• **Collected material**:

※

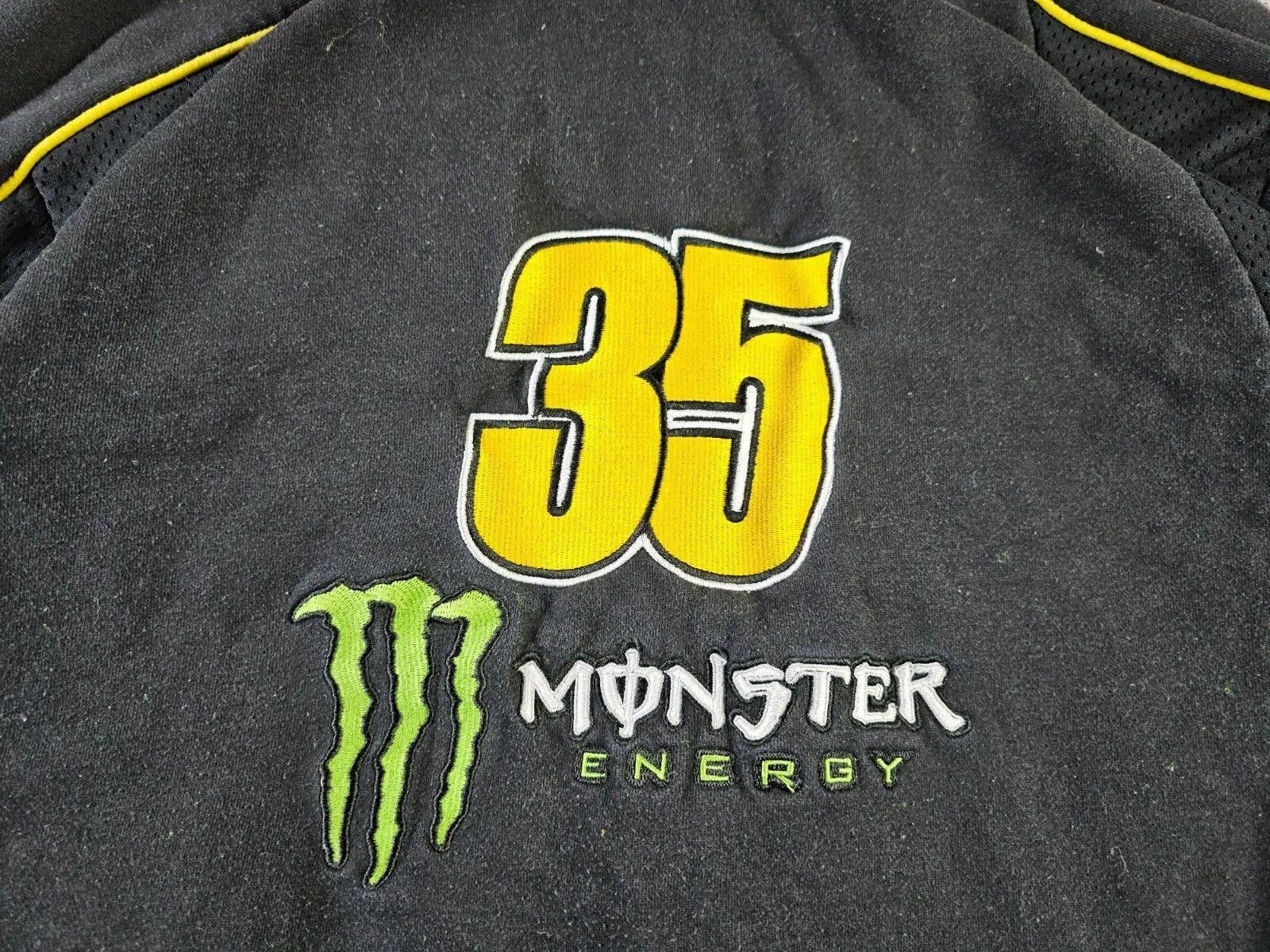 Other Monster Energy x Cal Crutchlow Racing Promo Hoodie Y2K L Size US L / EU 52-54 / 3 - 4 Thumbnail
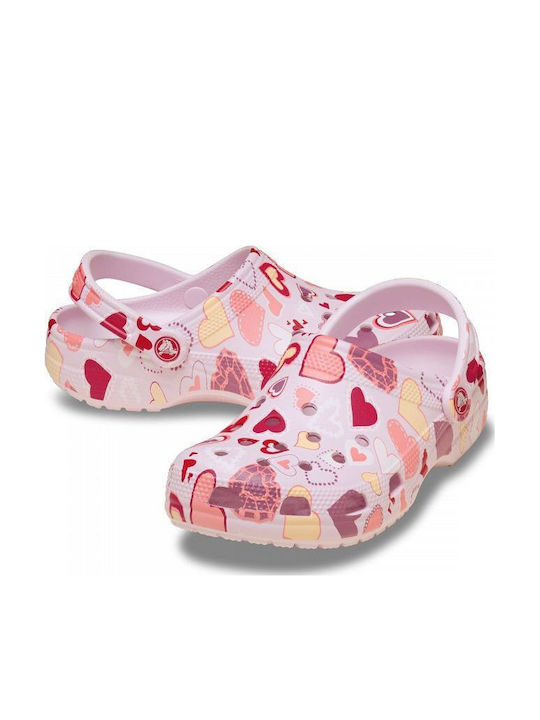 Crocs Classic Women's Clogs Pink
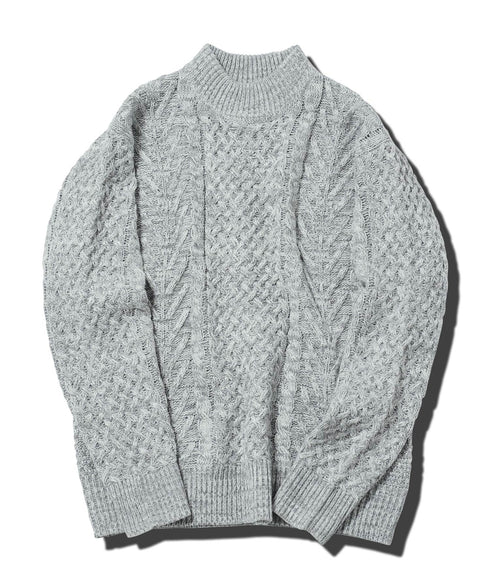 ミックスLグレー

※

• **Task statement**:
Could you reproduce all of the material exactly? Keep the pictures out of it.

• **Answer box**:
 Other Monster Energy x Cal Crutchlow Racing Promo Hoodie Y2K L Size US L / EU 52-54 / 3 - 4 Thumbnail
 Crocs Classic Women's Clogs Pink
 ミックスLグレー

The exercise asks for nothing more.